I have trained it for 1 epoch which is (10B tokens of fineweb edu dataset's sample10B ) , 19073 steps. I have followed the exact hyperparameters mentioned in the karpathy's nanogpt which inturn is from gpt-3 paper. I have used 3 A100s of 40GB of vram each and trained the model for almost 6 hours to complete 1 epoch .I have acheived val loss of 4.2 from 10.9 in 1 epoch. I have also used hellswag eval (which this model is performing terribly) which is giving me approx 25% . I have rented GPUs from jarvis labs ( JarvisLabs.ai ) which costed me around 2700 approx ( 4500 approx if i include the time i spent on learning distributed model training with multiple gpus :/ ). I also have saved the model's state_dict for every 50 steps ( which is too much of data (179GB) i feel). I did this to visualize the transformer's learning process especially the attention layer's process. It will take time for me to visualize those and understand them in depth.

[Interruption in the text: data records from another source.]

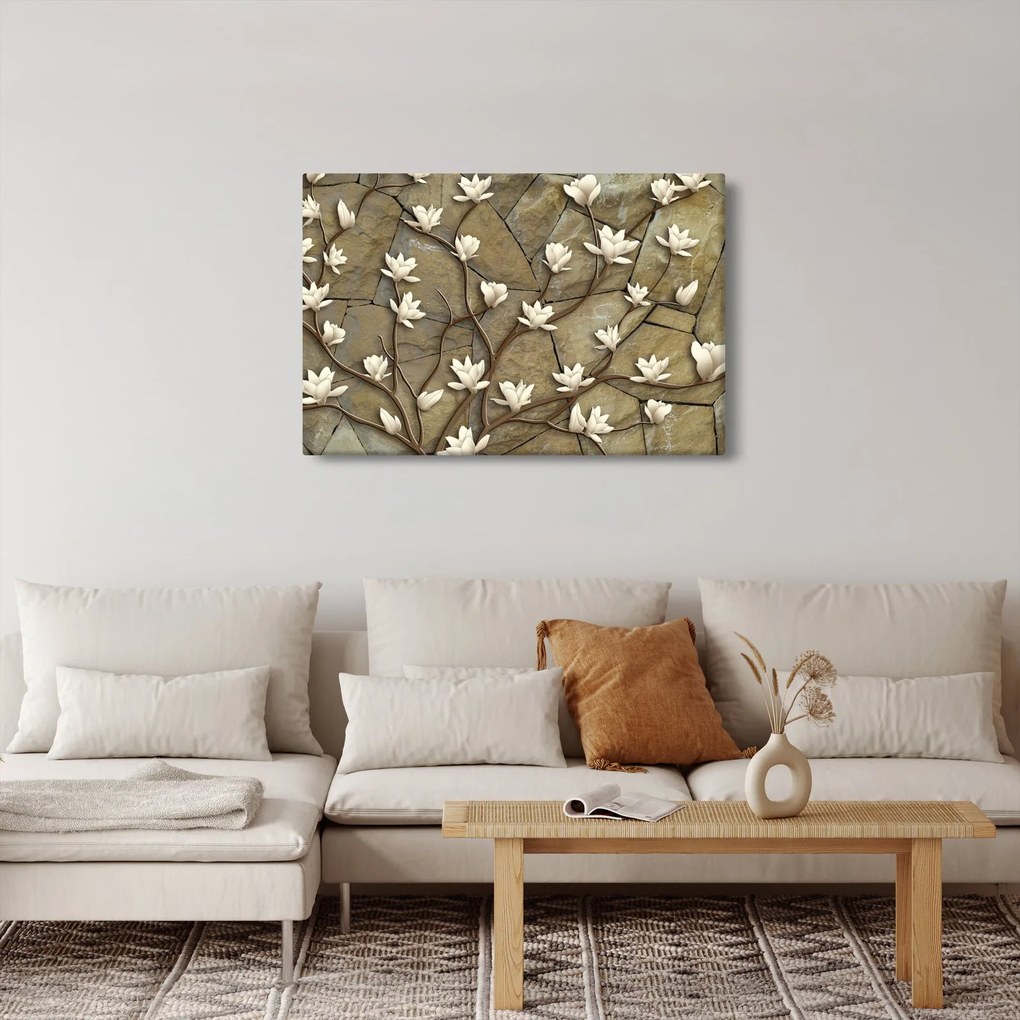Obraz - Biele magnólie na kamennom murive (90x60 cm)
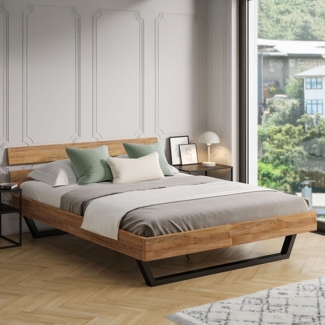 skølm 'Alver' Bett 160x200 cm, Bettgestell, natur geölt, Massivholzbett aus Eiche mit Metallkufen, Doppelbett mit Streben Bettkopf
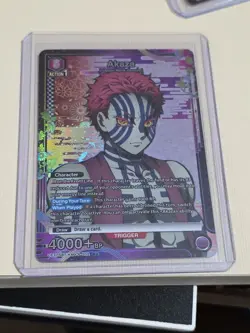 Akaza R☆ Alt Art Demon Slayer Union Arena TCG Card KMY-P-002 - Image 1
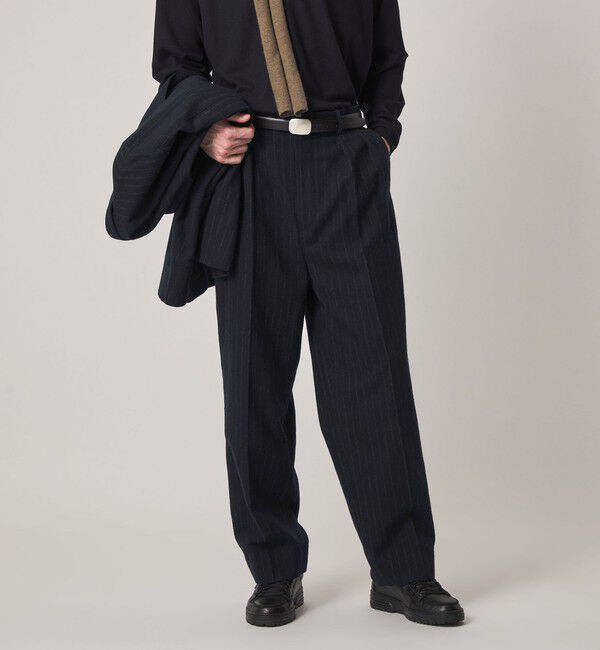 STEVEN ALAN「＜Steven Alan＞ ブラッシュド フランネル インツープリーツ ドレス トラウザーズ II」|スラックス|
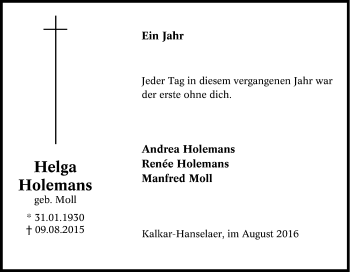 Traueranzeige von Helga Holemans von Tageszeitung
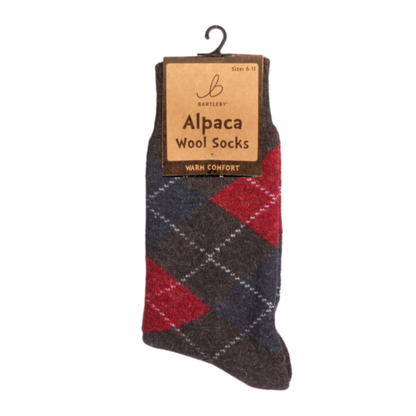 Alpaca Argyle Red Socks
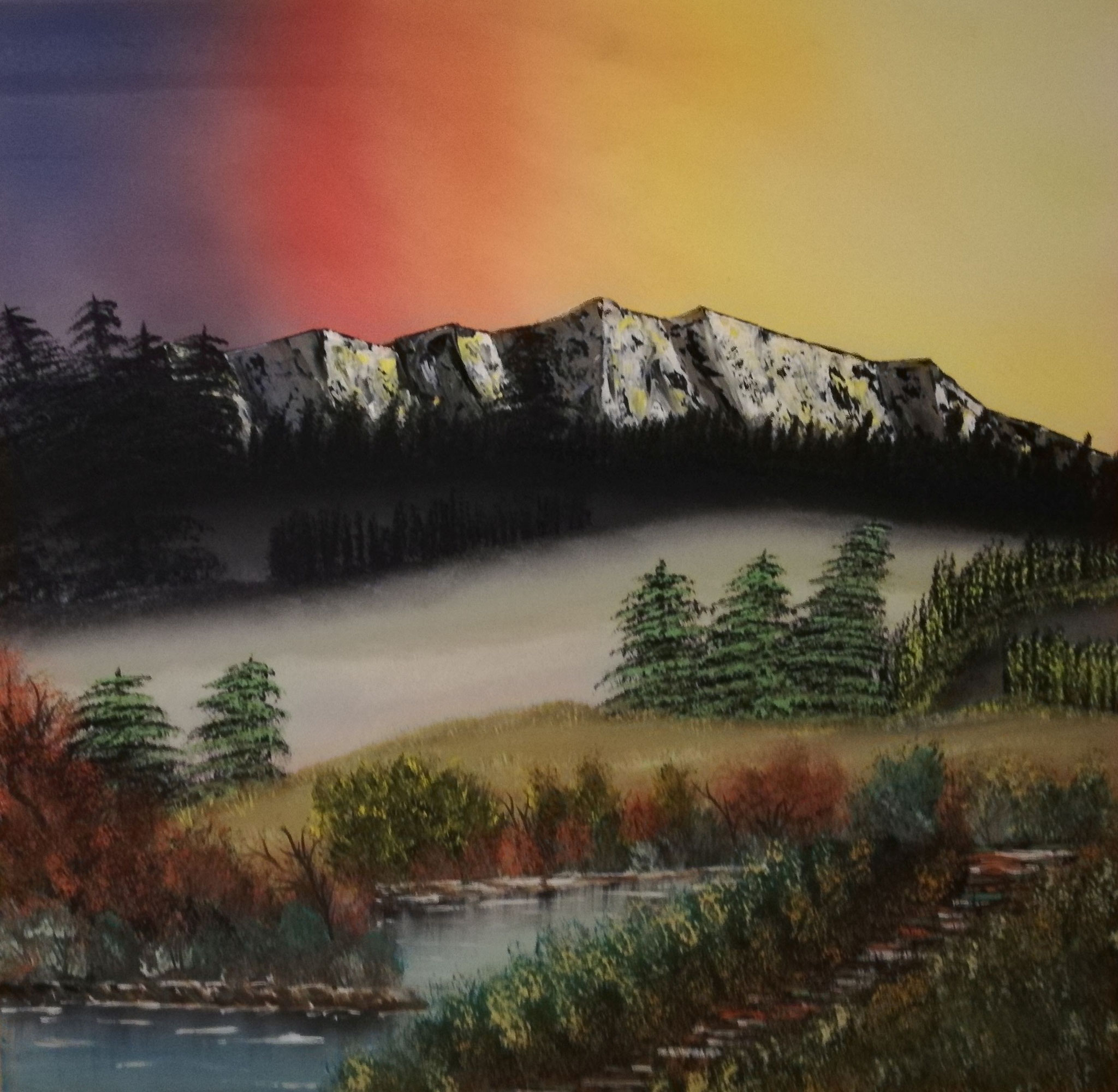 (76)     Gebirgszug     70 cm x 70 cm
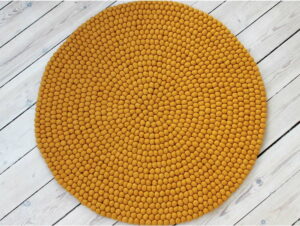 Hořčicově žlutý kuličkový vlněný koberec Wooldot Ball Rugs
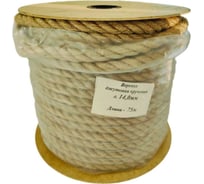 Крученая джутовая веревка Rusconnect 14 мм, 75 м, на ролике 159300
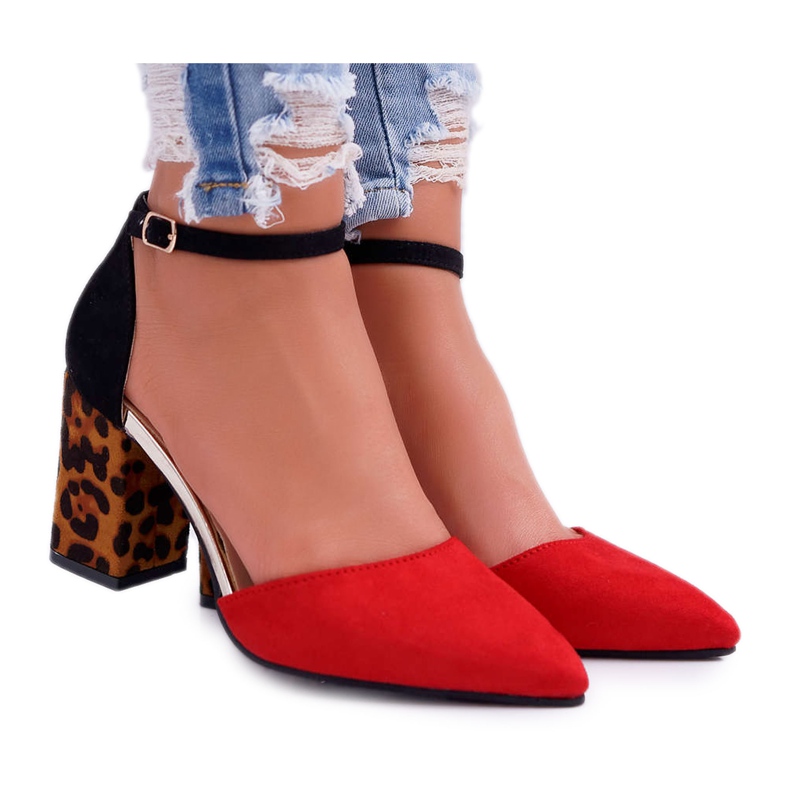 PS1 Décolleté Da Donna Con Tacco Leopardo Rosso Ferri marrone nero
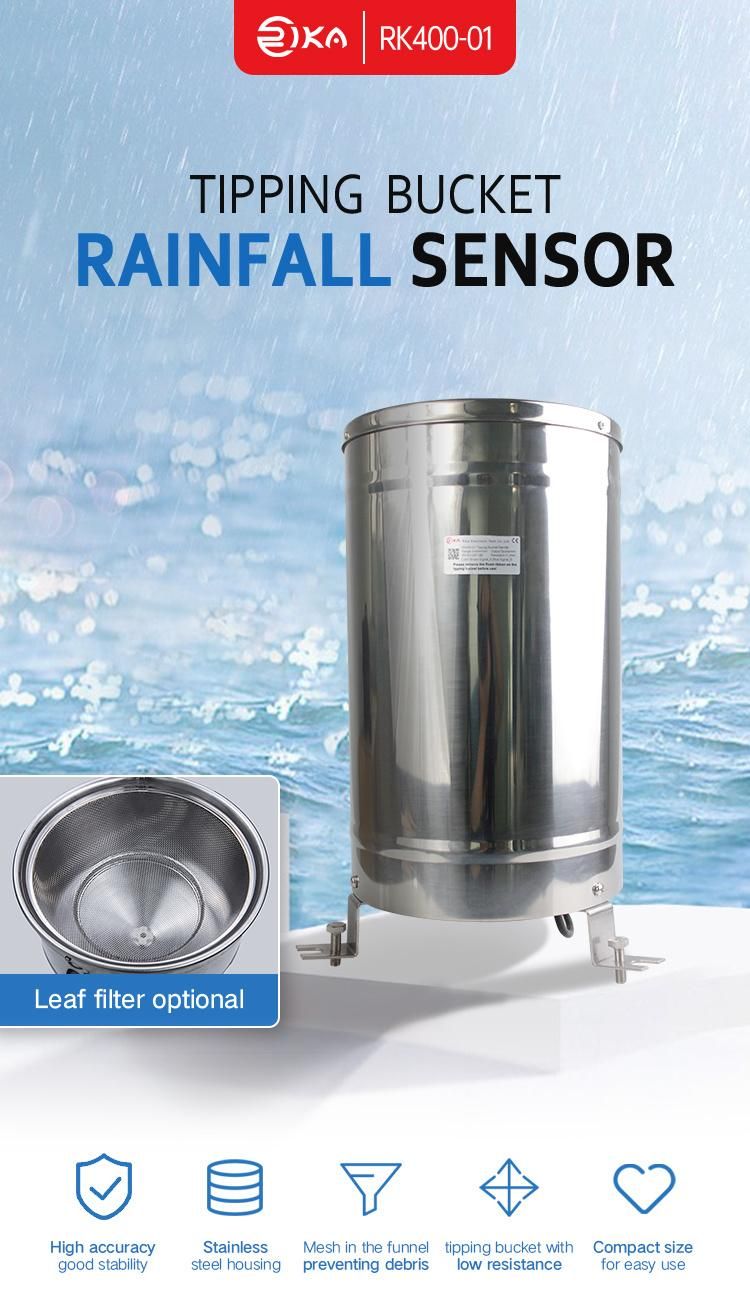 Rk400-01 Factory Price 304ss Pulse Output 0.2mm Resolution Tipping Bucket Rain Gauge Sensor for Irrigation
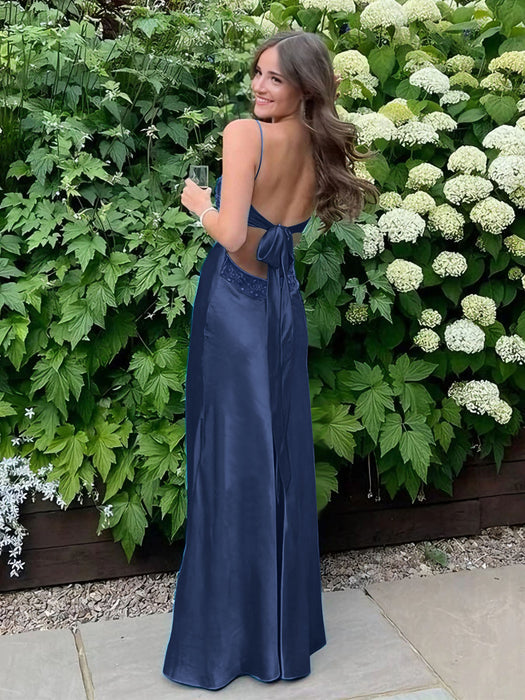 Navy Blue V-neck Beaded Satin A Line Prom Dress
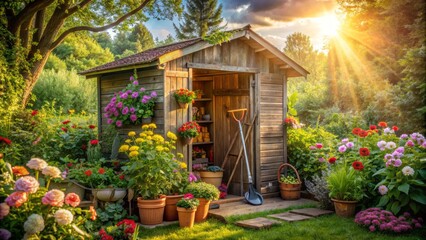 Rustic garden shed surrounded by lush greenery, gardening tools, and vibrant flowers, set against a...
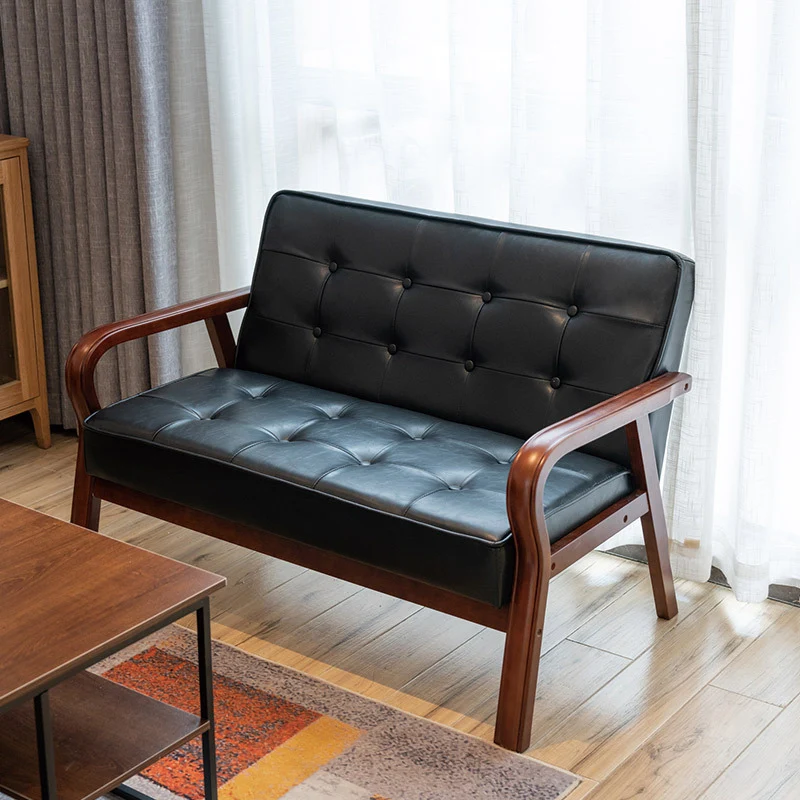 Traditional Vintage Oiled Wax Leather Solid Wood Plywood Rectangular Rounded Sofa 2-Seater With Armrest Backrest For Living Room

Summary of Flow of things that I did from the beginning

How did I use GPUs ? :

My Thoughts, Resolutions and Plans maybe:

  1. I am not super impressed by the model I got and also I wont blame it as it was just trained on one epoch. This is mostly like a learning project for me rather than a production grade product. Even though I wanted to run it for more epochs ( I truly want to ), The cost was too much for me to run it I feel. I will take this experience, learn more from the saved dict, If I feel like I have to train more or want to play around with it again , I will burn my cash again.
  1. Having said that I will not recommend doing this If your only goal is to make a language model, cause there are much better opensource models with better trained weights that you can download and run, and Build RAG arch on top of them. But If you are a crazy guy like me who wants to experiment , visualize the process and wanting to mess architecture and play with it Go for it it is super fun.
  1. I am also wondering what all other usecases this can be trained on. I mean It would be cool to see it as a forecasting model or some other thing . I have some ideas that I want to test with transformers and Transformers based LLM architectures.
  1. I am also introduced to the beautiful world of hugging face and I just can feel I am going to use it extensively. It would be super cool If I get to work in this direction on my full time job.